* TASK INSTRUCTIONS *
Take the lines below beginning at the line that has "Rolling Makeup Train Case 4in1 Cosmetic Case" and stopping after the line that has "Best 80th Birthday", and print them exactly as they are, with no other lines.

* EXERCISE MATERIALS *
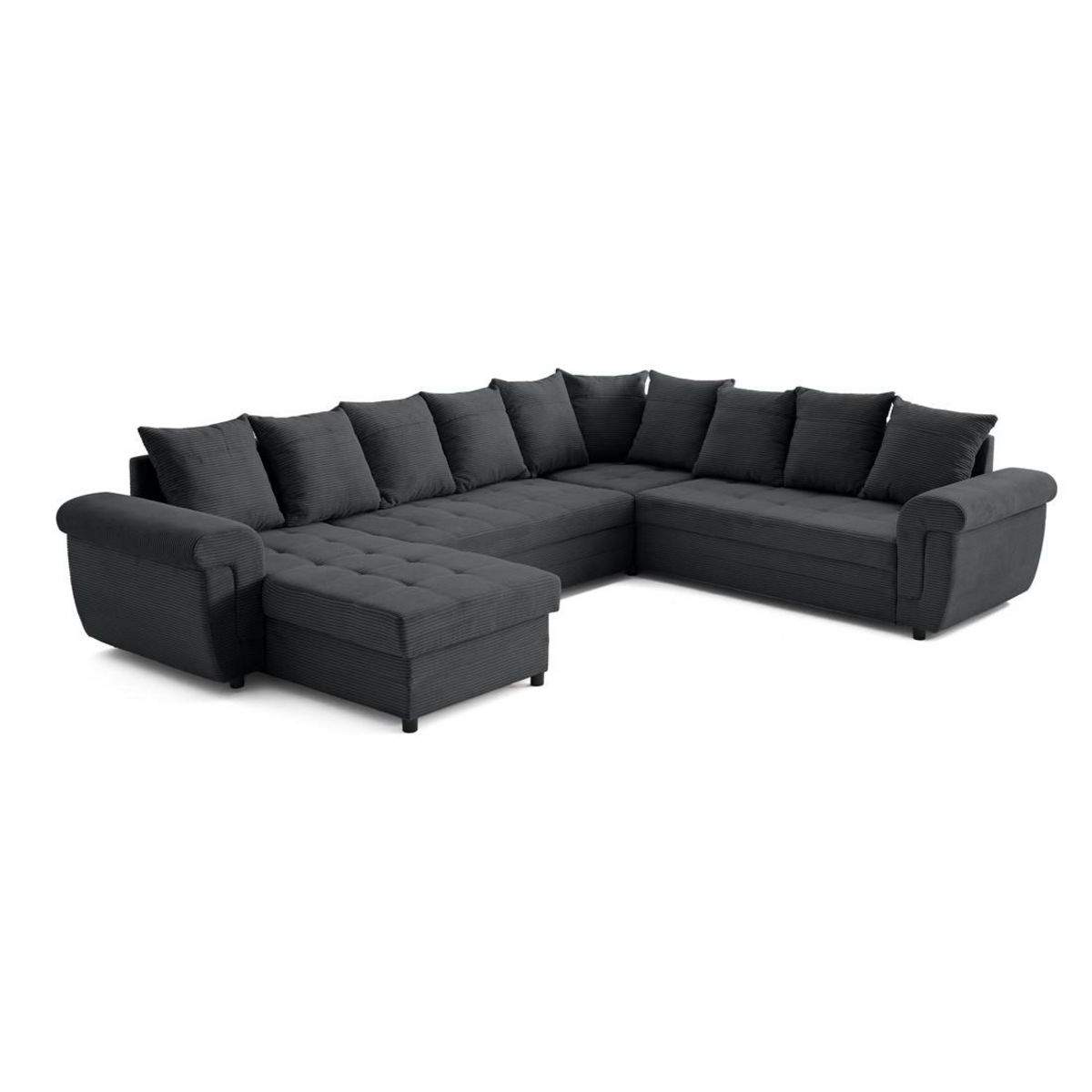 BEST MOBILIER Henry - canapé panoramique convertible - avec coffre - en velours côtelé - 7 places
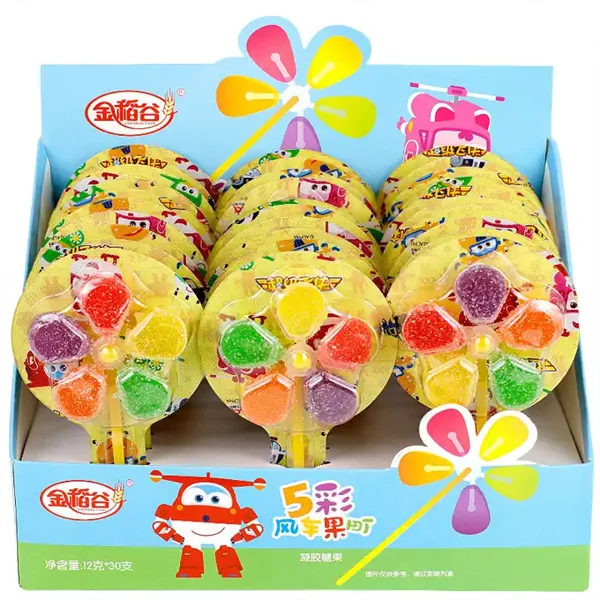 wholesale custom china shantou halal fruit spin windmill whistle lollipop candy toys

...

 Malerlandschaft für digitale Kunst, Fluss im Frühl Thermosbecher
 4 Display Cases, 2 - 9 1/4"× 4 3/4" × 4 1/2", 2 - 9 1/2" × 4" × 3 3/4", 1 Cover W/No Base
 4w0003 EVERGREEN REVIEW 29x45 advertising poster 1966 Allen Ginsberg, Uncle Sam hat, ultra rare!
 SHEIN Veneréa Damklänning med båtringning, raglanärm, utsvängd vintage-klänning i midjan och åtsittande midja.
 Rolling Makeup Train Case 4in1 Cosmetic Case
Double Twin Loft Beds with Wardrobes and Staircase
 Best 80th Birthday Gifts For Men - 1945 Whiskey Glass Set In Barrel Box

* * *

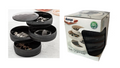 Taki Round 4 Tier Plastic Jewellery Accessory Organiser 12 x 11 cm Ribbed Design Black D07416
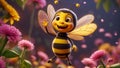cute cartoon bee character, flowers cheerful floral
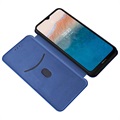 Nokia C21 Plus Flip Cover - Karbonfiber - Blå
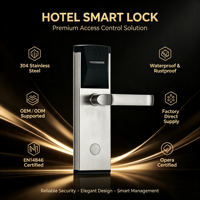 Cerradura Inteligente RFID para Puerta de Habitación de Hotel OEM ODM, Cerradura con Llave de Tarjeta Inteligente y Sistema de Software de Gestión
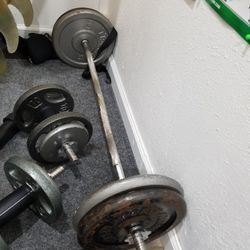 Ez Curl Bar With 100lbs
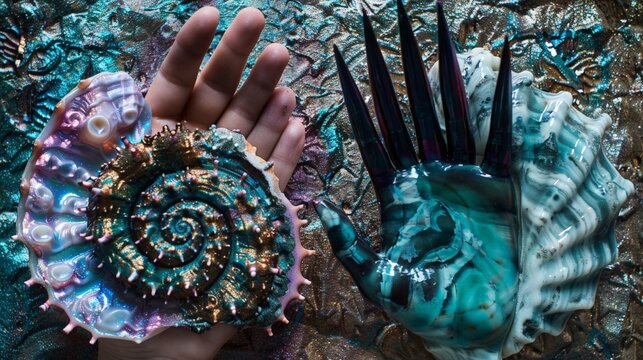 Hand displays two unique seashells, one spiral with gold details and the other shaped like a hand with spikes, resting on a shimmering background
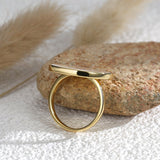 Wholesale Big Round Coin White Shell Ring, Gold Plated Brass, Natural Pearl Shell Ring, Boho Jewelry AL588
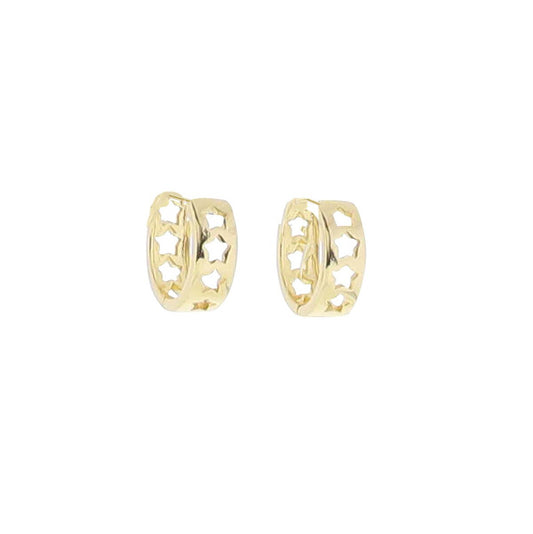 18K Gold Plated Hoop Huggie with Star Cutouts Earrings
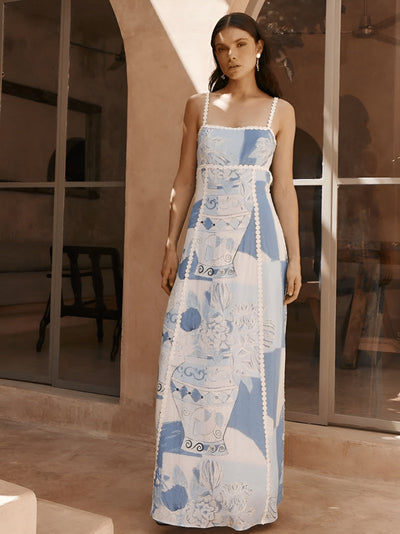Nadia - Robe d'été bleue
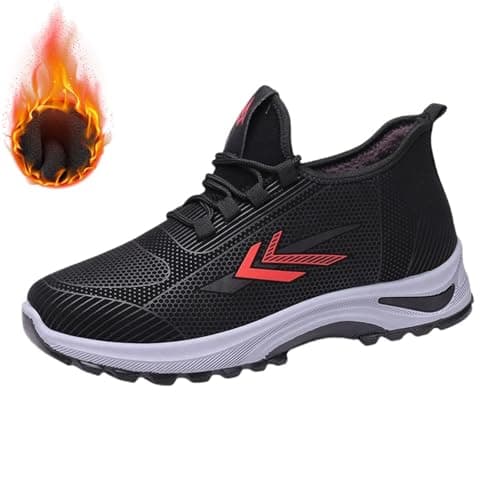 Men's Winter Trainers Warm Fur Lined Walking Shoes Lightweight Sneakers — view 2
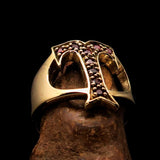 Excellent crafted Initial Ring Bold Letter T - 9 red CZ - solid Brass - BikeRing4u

* RESPONSE TO THE EXERCISE *
 Rolling Makeup Train Case 4in1 Cosmetic Case
Double Twin Loft Beds with Wardrobes and Staircase
 Best 80th Birthday Gifts For Men - 1945 Whiskey Glass Set In Barrel Box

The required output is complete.